DESPITE THE INFLUX OF VETERANS from two new wars, the number of beds dedicated to treating combat PTSD at the St. Cloud VA had not been increased since 1995, according to an inspector general’s report on Schulze’s death. In the wake of the suicide, the St. Cloud VA doubled the number of psychologists providing mental health care for veterans, including the hiring of suicide prevention coordinators, a national mandate for all VA centers.

Locally, “not much has changed,” says Joan Vincent, spokeswoman for the hospital, who canceled a scheduled interview with City Pages, citing ongoing litigation. She later clarified her statement, saying it was taken out of context. “Not much has changed in regards to PTSD treatment,” she explained over the phone.

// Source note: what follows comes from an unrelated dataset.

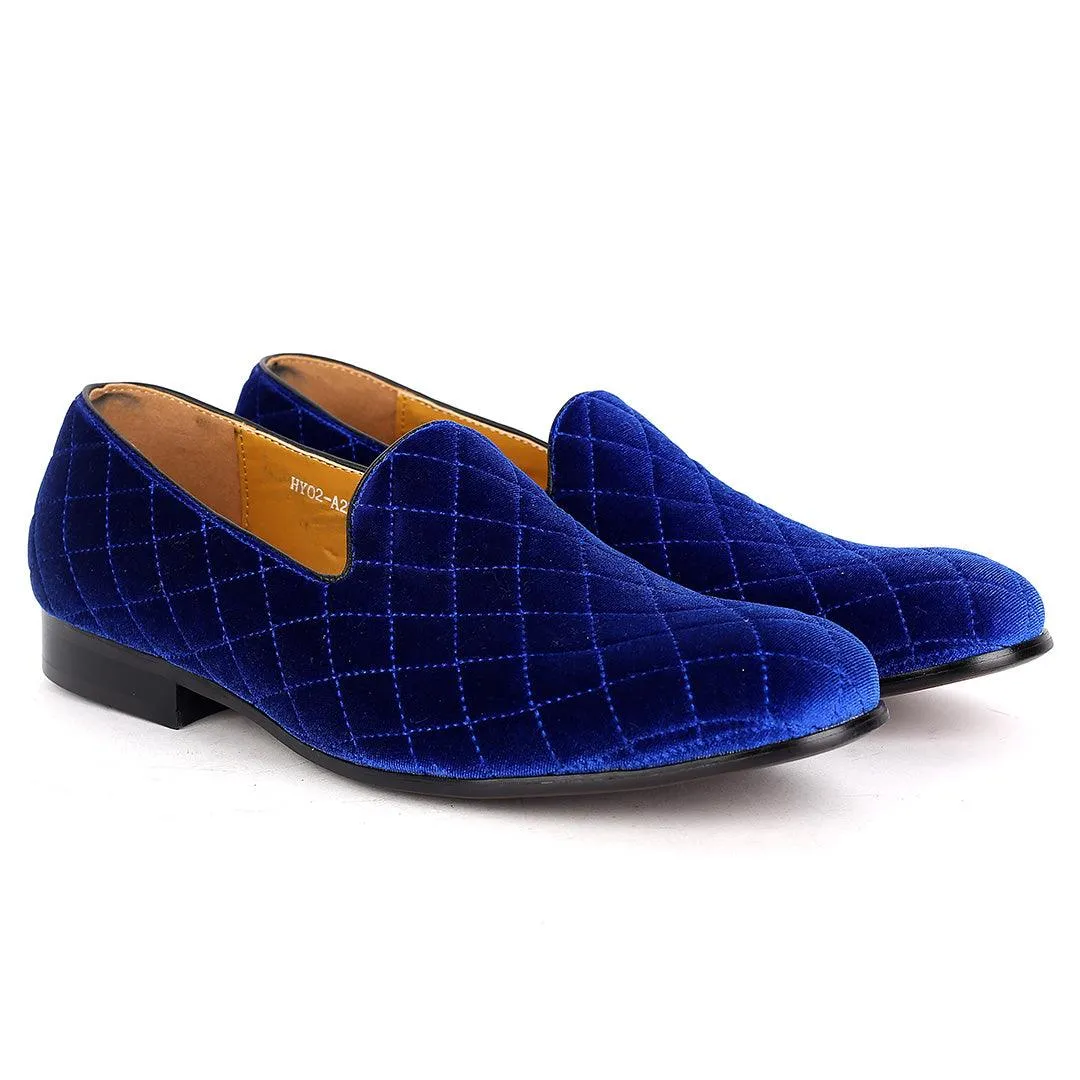 J.M Weston Royalty Designed Blue Suede Shoe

Vincent later reiterated that the report investigating Schulze’s death speaks for itself and that the VA was following appropriate protocol for PTSD programming at the time of Schulze’s death. “We were doing a good job then and we’re doing a good job now,” she said.

During the 24 hours surrounding Schulze’s visit to the VA on January 11, 2007, six beds were available in the acute psychiatry unit, a 15-bed wing at the hospital for patients who pose a risk to themselves or others. At the time, VA staffers failed to assess Schulze as suicidal, so he was put on a waiting list for elective PTSD treatment.

“They go into the military and they’re promised that help will be there when they get out, but it’s not,” says Marianne Schulze, who thinks if her stepson was admitted that day he would be alive to tell his own story.

The Schulzes are now participating in a class-action lawsuit against the United States VA. Two groups—Veterans for Common Sense and Veterans United for Truth—are accusing the VA of neglecting the psychological consequences of the Iraq and Afghanistan wars. Schulze is one of several deceased veterans named in the suit, which was filed in San Francisco in July.

“The military is willing to send us off to combat at the drop of a hat, but then you come back and it’s like, “Get in line, take a number”, says Travis Schulze, Jonathan’s brother and a veteran of the Afghanistan war. Travis is currently receiving therapeutic care at the Minneapolis VA, but says he’s a “special case” and doubts treatment would be as accessible if he weren’t Jonathan’s brother. “What if there is no time left to take a number? What if you can’t wait?”